To be sure, Sex and the City is still as pink, tangy, and sharp as one of main character Carrie Bradshaw's trademark Cosmopolitans. The brazen outfits -- gold chains and screaming colors, Manolo Blahniks and giant bags -- are all present and accounted for. So is the show's acid-tongued sense of humor. Only now the characters face different dilemmas. Each episode, sex columnist Carrie taps out a different question on her computer, the thematic glue for the show -- "How much does a father figure figure?" Or, "Do women really want marriage and children? Or are we just programmed?" The question for this season, however, was more like: "What's a girl to do when her unspoken fears come true?"
It was an interesting turnabout. The two characters devoted to the pursuit of fairy tales -- Charlotte and Carrie -- found only unhappy endings. Charlotte (played by Kristin Davis), a traditionalist obsessed with becoming a well-heeled wife and mommy, winds up divorced and childless. Carrie (Sarah Jessica Parker), who wants both her independence and a Prince Charming, nearly ends up with neither. After breaking up with her fiance Aidan, Carrie faces eviction, a tiny bank account, and an exploding closet of $500 shoes. "I'll be a bag lady--a Fendi bag lady, but a bag lady," she says gamely.

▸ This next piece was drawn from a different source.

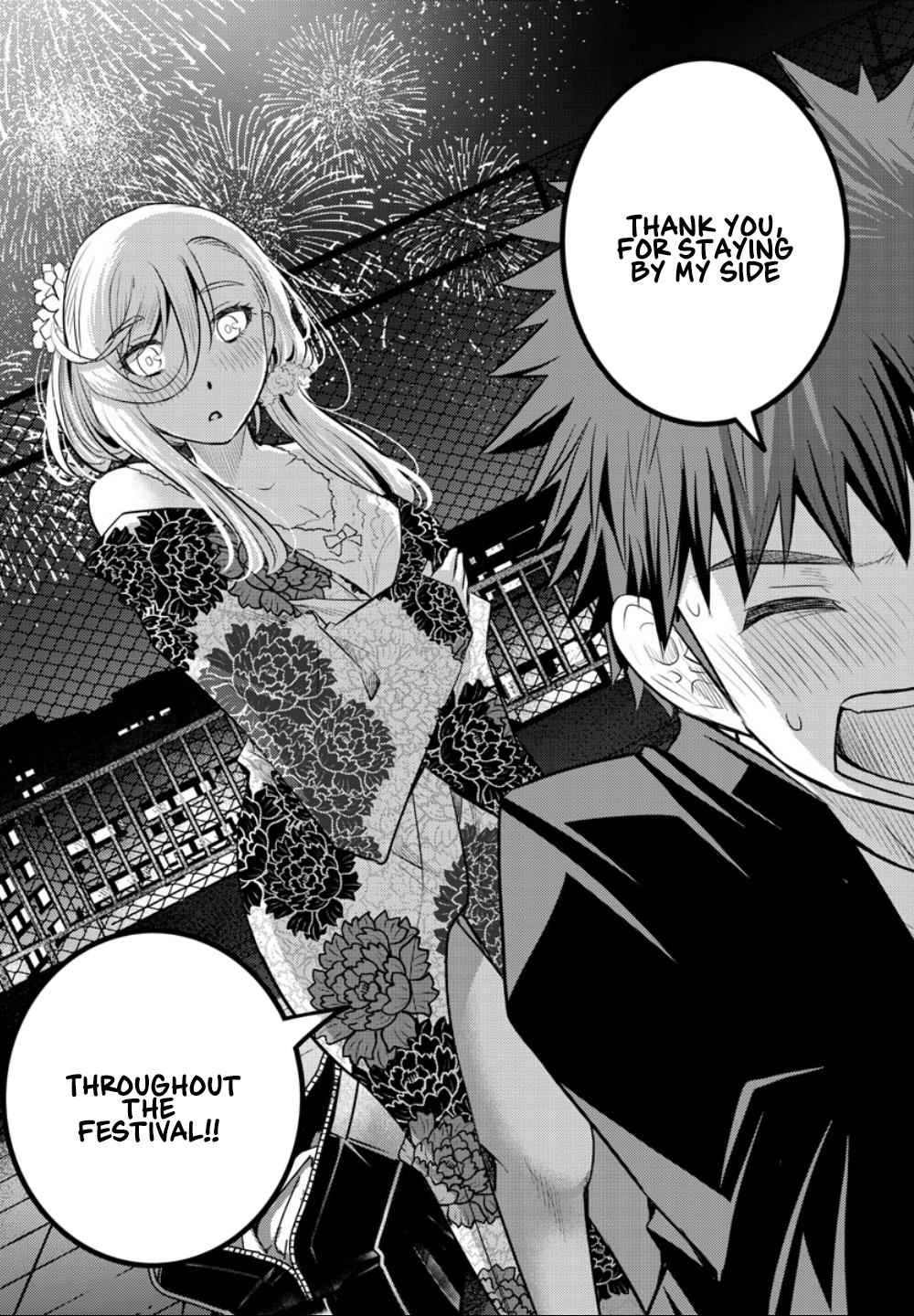 Yankee JK KuzuHana-chan Chap 19 - Next Chap 20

Meanwhile, the two women who had avoided emotional entanglement find themselves with a messy abundance of it. Miranda (Cynthia Nixon), a prickly-pear workaholic and avid believer in personal space, finds hers invaded by an unexpected baby and the ministrations of the sweet but drippy father, her ex, Steve. Samantha (Kim Cattrall), an über-minx devoted to the zipless fuck, falls in love and gets her heart broken.
Ending a season this way certainly works as a lure for viewers, who are left to wonder: Will Miranda, who nearly dropped a friend's baby off her couch, be able to mother her new child? How will Charlotte cope with her "failure" to become a high-society wife and mother? Will Samantha return to her cartoonish zest for sex, or is she chastened by her brush with love? And will Carrie recover from the loss of not only her fiance, but of her big love for Mr. Big, a dapper, commitment-phobic financier who is moving away from New York and his years-long involvement with her?

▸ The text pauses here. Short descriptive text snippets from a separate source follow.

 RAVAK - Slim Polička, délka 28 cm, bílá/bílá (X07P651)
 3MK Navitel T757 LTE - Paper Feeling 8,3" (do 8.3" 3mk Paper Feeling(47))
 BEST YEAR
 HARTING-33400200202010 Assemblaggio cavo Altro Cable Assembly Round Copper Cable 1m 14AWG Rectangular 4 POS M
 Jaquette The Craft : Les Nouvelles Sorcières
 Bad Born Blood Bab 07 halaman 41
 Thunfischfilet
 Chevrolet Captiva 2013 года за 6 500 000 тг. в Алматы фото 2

The answers lie in what might be the strongest part of the show -- the women's relationships with each other. While the men are often horrors -- Carrie's new father figure actually wants to get in her panties, and Big and Aidan bellow and fight with each other like walruses on the beach -- the women are one another's truest support. Miranda discovers her motherly side as she consoles Charlotte over her childlessness. Carrie reaches out to her female friends for the stability she needs. And the show's writers even seem to propose that the women are symbolically married to each other. After Carrie catches a horrified glimpse of the ring Aidan has bought for her, Samantha goes shopping with him and picks out the perfect one. Charlotte saves Carrie from eviction by letting her pawn the engagement ring from her failed marriage.
All in all, then, Sex and the City has done a remarkable job of deconstructing the romantic myths that many straight women grapple with. The show gives us elements of fantasy outside the bedroom -- with the characters' fancy clothes and glamorous jobs -- and nightmare in the bedroom, with an incredible freakshow of male farters, burpers, baby-talkers, stalkers, and no-shows. But it also gives us something else -- a richly detailed depiction of female friendship. It's next to revolutionary to portray women's relationships as anything but catty in the world of TV. How much better to give viewers what they may be secretly yearning for, or cherish already: a group of women confidantes who are smart, savvy, and unflinchingly honest.
So while Miranda, Charlotte, Carrie, and Samantha stride, mince, teeter, and strut down the streets of New York toward their uncertain futures, they are not alone. At this critical juncture in their lives, with motherhood or lonely nights looming, it helps that they already know how to be a family.